I set the book just before the First World War because it seemed as if I could really highlight the lack of awareness of young women’s ambitions. I think that for a long time, many of us thought that these battles of education for women and equality in the work place were almost won. But now it feels as if we’ve not just taken a step back, but that we’re not even sure what equality looks like. But it was also important to highlight that it wasn’t great for a lot of men, either. They worked in coalmines. They were sent to the trenches. So I hope I’m able to be balanced and show that it wasn’t great for a good many people. But I believe that any society which finds a reason to deny women an education is entirely suspect. But girls might have to demand that they be educated. And mothers demand it for their children.

Parts of the story reminded me very much of Philip Pullman’s Northern Lights and even C S Lewis’s The Lion, the Witch and the Wardrobe. Are either of these stories favourites? What other books and authors would you save have influenced you?

The Chronicles of Narnia are astounding. Clear, lucid stories that never cease to amaze. I’m always drawn to stories that have an element of the ‘other’ in them, of stepping through into another realm. I think because of that sense of being aged ten or eleven and intuiting that there was ‘more’ to the world than could be merely seen or heard or touched. It’s just a fleeting sense that soon gets taken over by reality. But I love stories that are able to expand in that way. I think it’s why I don’t get on with Modernist writers particularly well. I know that language lies and is inherently unstable, but it’s just a veil. I like to have a glimpse behind that veil. Of course, Philip Pullman is extraordinary and I’m just grateful that those stories exist. Stories with layers that reveal even as they conceal. I also love Catherine Fisher and can’t understand why she isn’t on more reading lists, and isn’t being given all the prizes. I’ve always been a fan of Philip Reeve as well.

As a child, I LOVED mermaids! What research did you do regarding myths, the oceans, sailors and mermaids when writing this book?

What is it about mermaids? I loved them, too. For this book I did far too much research. Read far too many myths. Wrote far too much and then it all got taken out. So now there are just hints of various myths and folklore. I thought it was important not to be too caught up in the whole fairytale thing and just try and catch how it feels to be on the edge of a fairytale. Just give reality a nudge until you can feel the hem of the myth, really.

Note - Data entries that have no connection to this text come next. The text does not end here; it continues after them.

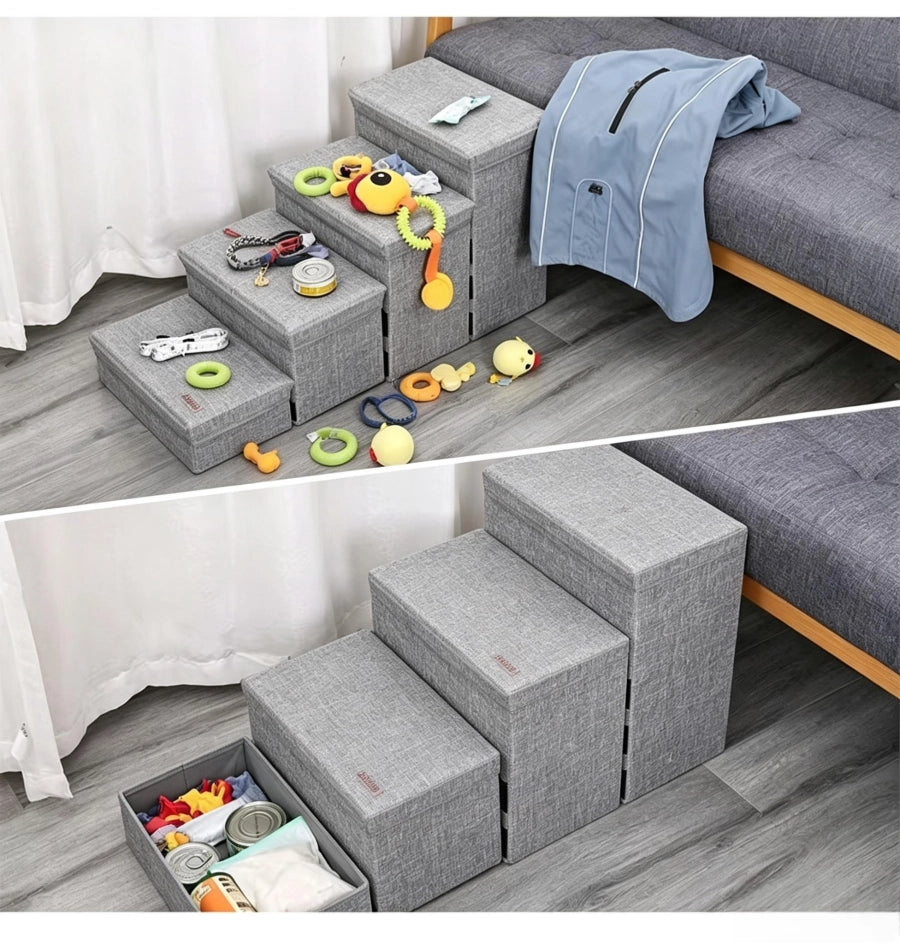 4‑Step Foldable Pet Steps With Storage For Small Senior Dogs DD01299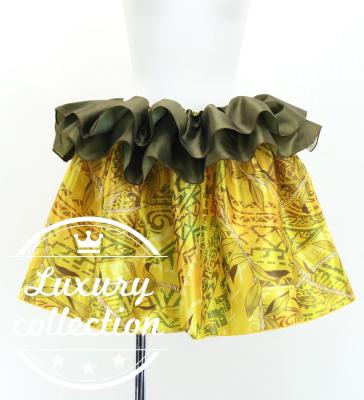 Tahitian Shantung Skirt with Leaf Lei & Kahiko Print / Luxury Collection / Yellow / J3226-12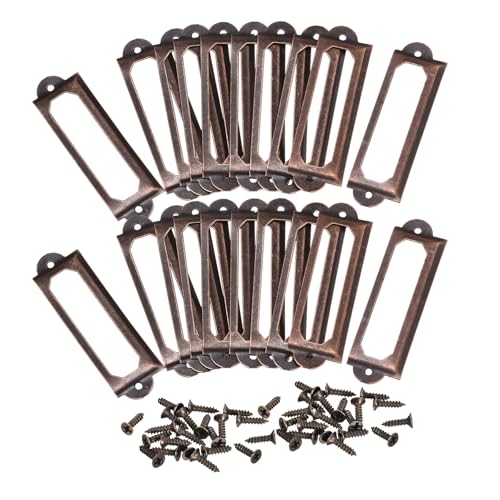 QUARKZMAN Metall-Etikettenhalter, 60x17mm 30 Stück Dateiname Kartenanhänger Etikettenhalter Rahmen für Büro Bibliothek Schubladen Schrankregale, Kupferton von QUARKZMAN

When reading, I was often struck by how lyrical and beautiful your descriptions of the sea are. You describe ‘iron-grey, solid waves’ and the ocean ‘spray as cold as razors’. Did you spend a lot of time looking at the sea? What inspired the setting for the book?

The only thing I could draw on was the channel ferry crossings I took as a child. That was it. And then I thought about Marina’s attitude to the sea. She had been brought up by her father to fear water; she wasn’t allowed to have more than a few inches of water in her bath, for example. And until a certain point in the book, the sea feels impenetrable to her. She can’t get beneath the surface of it imaginatively or emotionally. So it was important that the water looked solid to her.

I feel like there’s more for Marina to explore, especially relating to the Drowned Sea and her mother. Are you planning on writing a sequel?

The book was originally called The Drowned Sea… and I was going to have Marina visit that ancient, forgotten, submerged sea beneath. But no one seemed very interested in that as an idea. There was a lot that was cut and left out of this book. And there is always a pay off between pace and layering in a story. But perhaps there might be an opportunity to revisit that watery realm although not at the moment: I’ve got other worlds to discover.

Finally, can you tell us why you think readers will enjoy The Pearl in the Ice?

I think readers might feel that they’ve gone on a mysterious journey with a friend whose company they enjoy. They will meet new friends along the way, embrace a bit of danger and intrigue, and return with memories of an action-packed trip. I hope they might see the world differently; be a bit kinder, listen more and not take anything for granted.